You have been controlled for too long

How old are your kids? Could you see leaving them if you needed to go?


----------



## grenville (Sep 21, 2011)

There's nothing wrong with you, what would mark you out as having problems would be if all of that didn't make you depressed. Do you have a friend, who is not of your husband's culture that you could talk to and maybe even go and live with for a while? My sister was in a similar situation to one you're describing for nearly 25 years before a close friend helped her escape by providing a spare room and emotional support.


----------



## thankfulone (Apr 9, 2012)

Toffer said:


> You have been controlled for too long
> 
> How old are your kids? Could you see leaving them if you needed to go?



Thanks Toffer, I am exhausted! He is not a horrible person, in fact he is well liked by many. I have just had to dim my shine and my desires so that he could keep his anger under control and keep his criticizing to a minimum (my cooking, cleaning etc. seem to not be good enough). The alternative-which is staying- is less scary but sooo sad to think about. I dream of a life that embraces who I am and where I come from. I am praying for strength to ask for this space that I so desperately need. And no, I can't imagine leaving the kids behind although the high schooler thinks he walks on water. I know that she needs to see her mother coming from a place of strength before our mother/daughter relationship could improve. Sigh....


----------



## thankfulone (Apr 9, 2012)

grenville said:


> There's nothing wrong with you, what would mark you out as having problems would be if all of that didn't make you depressed. Do you have a friend, who is not of your husband's culture that you could talk to and maybe even go and live with for a while? My sister was in a similar situation to one you're describing for nearly 25 years before a close friend helped her escape by providing a spare room and emotional support.

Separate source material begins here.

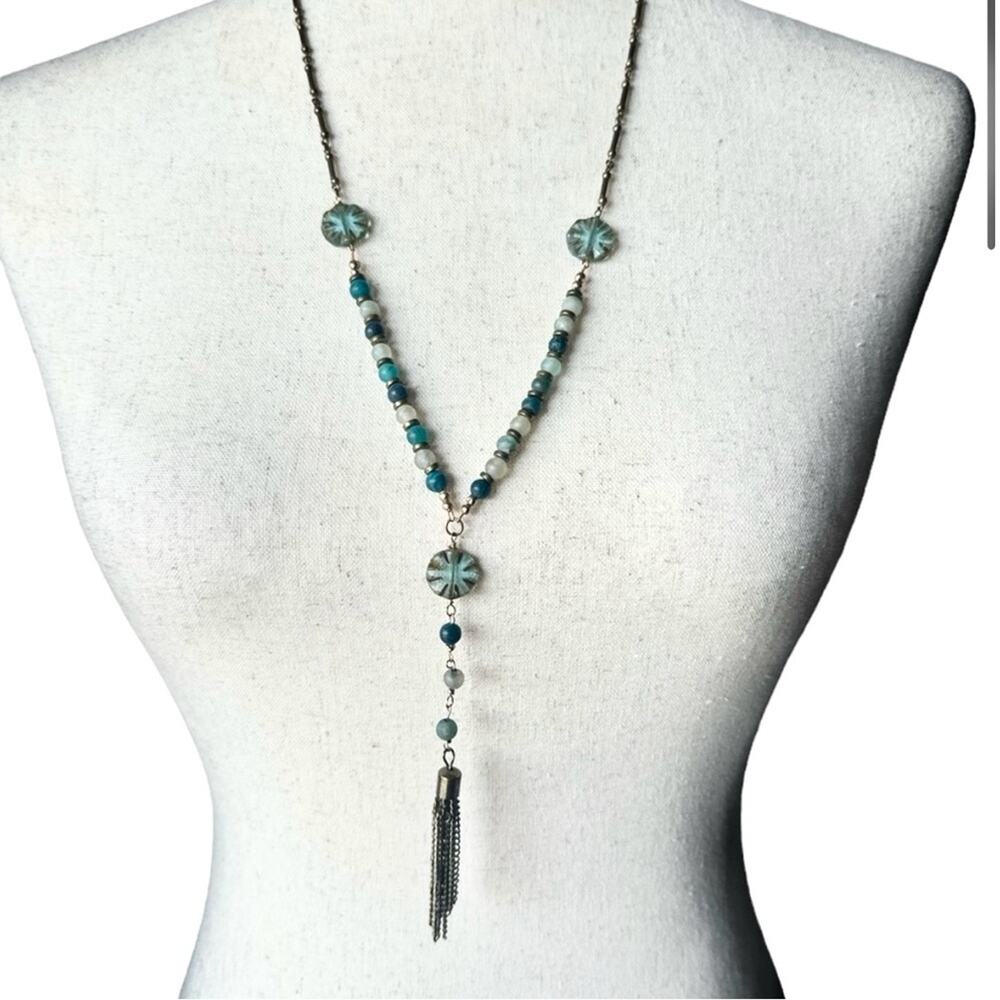Vintage Boho Beaded Lariat Necklace | Turquoise & Gold Tassel Pendant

Thanks Grenville. Strange as it seems, i know that there is nothing wrong with me. I just thought that I would be hopping through the tulips with joy at the thought of leaving. Instead, I am scared, numb and walking around in a daze. I guess because it has been so many years of 'captivity'- ( I do accept my part in this marriage by the way) that like a caged animal whose gate has been finally opened, I can't seem to find the courage to get up and walk out. 

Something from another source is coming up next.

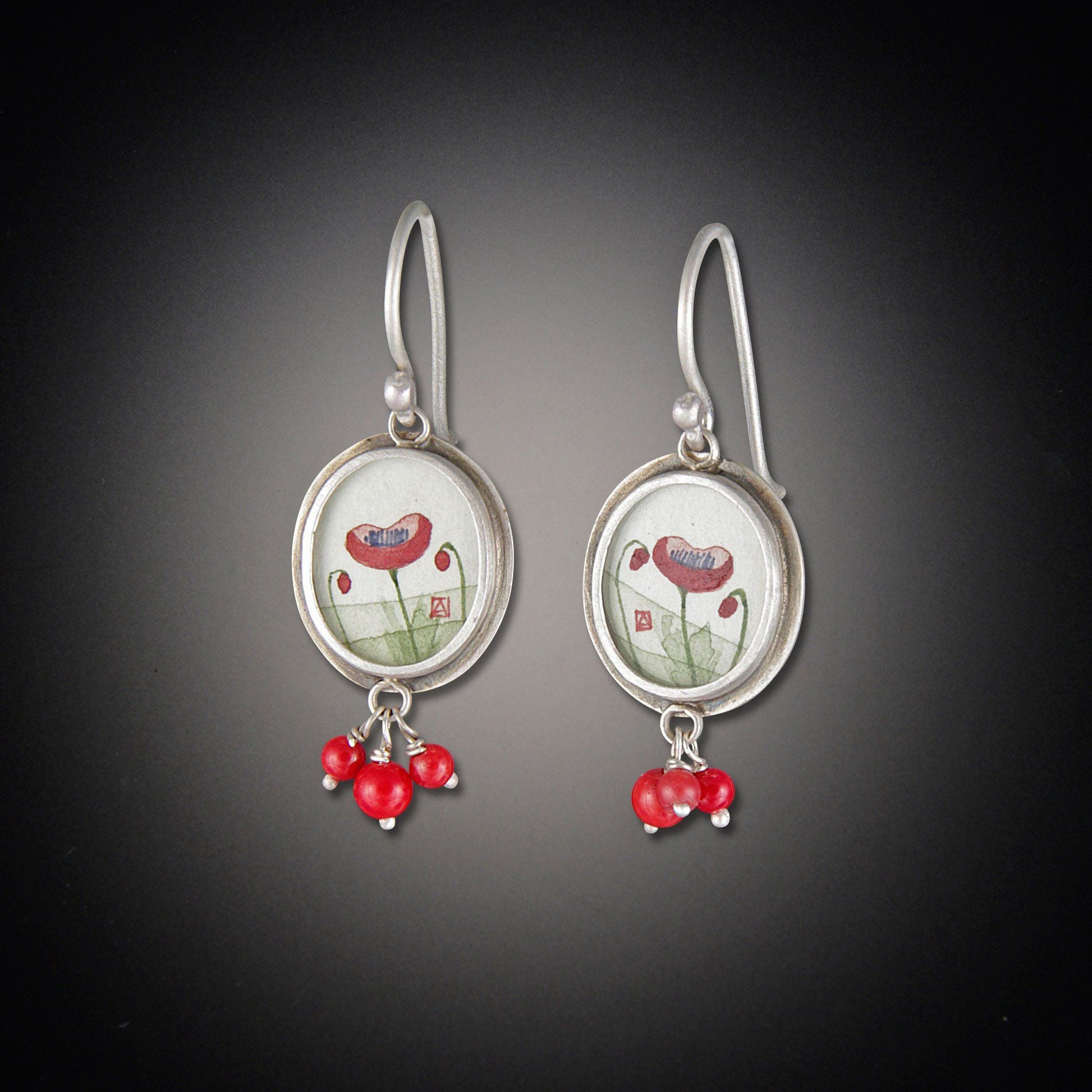 Tiny Oval Poppy Earrings with Coral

Legally, if I leave without the kids (and I could never do that anyway), the courts may see this as abandonment of the home and I could lose a whole lot if it went to a divorce.


----------



## Toffer (Jan 31, 2012)

Thankful,

You should speak with a lawyer ASAP and find out what your rights actually are.

Are you worried he would take your kids to his native country?


----------



## thankfulone (Apr 9, 2012)

Toffer said:


> Thankful,
> 
> You should speak with a lawyer ASAP and find out what your rights actually are.
> 
> Are you worried he would take your kids to his native country?

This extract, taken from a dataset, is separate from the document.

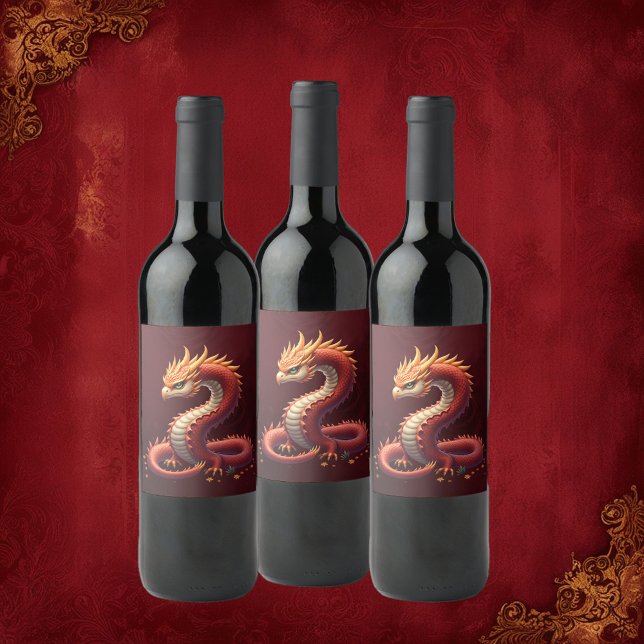 The golden serpent dragon.  wine label (Creator Uploaded)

He is a citizen now (thanks to me) and I don't see him leaving as he has very good job and career here.
(How would his family mooch off of him if he weren't here making the bucks anyway? lol!) So I don't see that as a problem. I just think that he may tell me to 'hit the road jack' if I'm the one with the issues and he may not move out of the house. 

A lawyer told me that separations are not recognized in our state but I still plan to get our responsibilities in writing just in case he does something behind my back while we are separated.
Wish me luck as I have "THE TALK" with him soon.


----------



## grenville (Sep 21, 2011)

thankfulone said:


> Thanks Grenville. Strange as it seems, i know that there is nothing wrong with me. I just thought that I would be hopping through the tulips with joy at the thought of leaving. Instead, I am scared, numb and walking around in a daze. I guess because it has been so many years of 'captivity'- ( I do accept my part in this marriage by the way) that like a caged animal whose gate has been finally opened, I can't seem to find the courage to get up and walk out.
> 
> Legally, if I leave without the kids (and I could never do that anyway), the courts may see this as abandonment of the home and I could lose a whole lot if it went to a divorce.


As Toffer says, talk to a lawyer before you do anything. 

You're scared because you're thinking of leaving everything that you've known for the last 20 years; again you'd be odd if you weren't scared by that. It took my sister a couple of years to rebuild herself after leaving but the transformation has been total. From having been trapped at home more or less for a quarter of a century she's resumed the career she abandoned when she met her husband, got herself a really nice boyfriend, resumed writing (something she also gave up), bought a great apartment in a cool part of town and generally got her life back. It's a shame it took her so long, but better late than never.


----------